EXERCISE:
Print, exactly as written, the line containing "Sac cadeau Joe Time (Dos)" and every line after it, ending with the final line of the data below.

PROVIDED DATA:
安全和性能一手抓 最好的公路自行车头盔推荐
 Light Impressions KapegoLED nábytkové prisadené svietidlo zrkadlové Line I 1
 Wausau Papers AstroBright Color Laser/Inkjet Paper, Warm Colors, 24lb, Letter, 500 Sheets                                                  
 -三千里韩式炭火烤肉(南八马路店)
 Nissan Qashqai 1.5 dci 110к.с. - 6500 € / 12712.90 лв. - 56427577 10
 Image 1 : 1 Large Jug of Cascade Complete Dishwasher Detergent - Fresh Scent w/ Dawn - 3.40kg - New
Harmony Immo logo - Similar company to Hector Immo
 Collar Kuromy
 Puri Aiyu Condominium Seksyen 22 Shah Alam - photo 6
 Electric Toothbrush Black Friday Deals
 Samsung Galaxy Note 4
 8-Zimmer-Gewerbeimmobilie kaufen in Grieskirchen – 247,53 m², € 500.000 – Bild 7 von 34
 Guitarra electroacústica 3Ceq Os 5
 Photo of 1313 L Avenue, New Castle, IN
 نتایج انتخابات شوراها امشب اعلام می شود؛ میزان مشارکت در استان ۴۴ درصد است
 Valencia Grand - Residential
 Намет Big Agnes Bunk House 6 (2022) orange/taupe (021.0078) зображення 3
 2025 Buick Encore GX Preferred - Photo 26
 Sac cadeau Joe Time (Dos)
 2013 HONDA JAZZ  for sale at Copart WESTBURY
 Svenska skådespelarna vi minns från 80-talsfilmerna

EXERCISE SOLUTION:
 Sac cadeau Joe Time (Dos)
 2013 HONDA JAZZ  for sale at Copart WESTBURY
 Svenska skådespelarna vi minns från 80-talsfilmerna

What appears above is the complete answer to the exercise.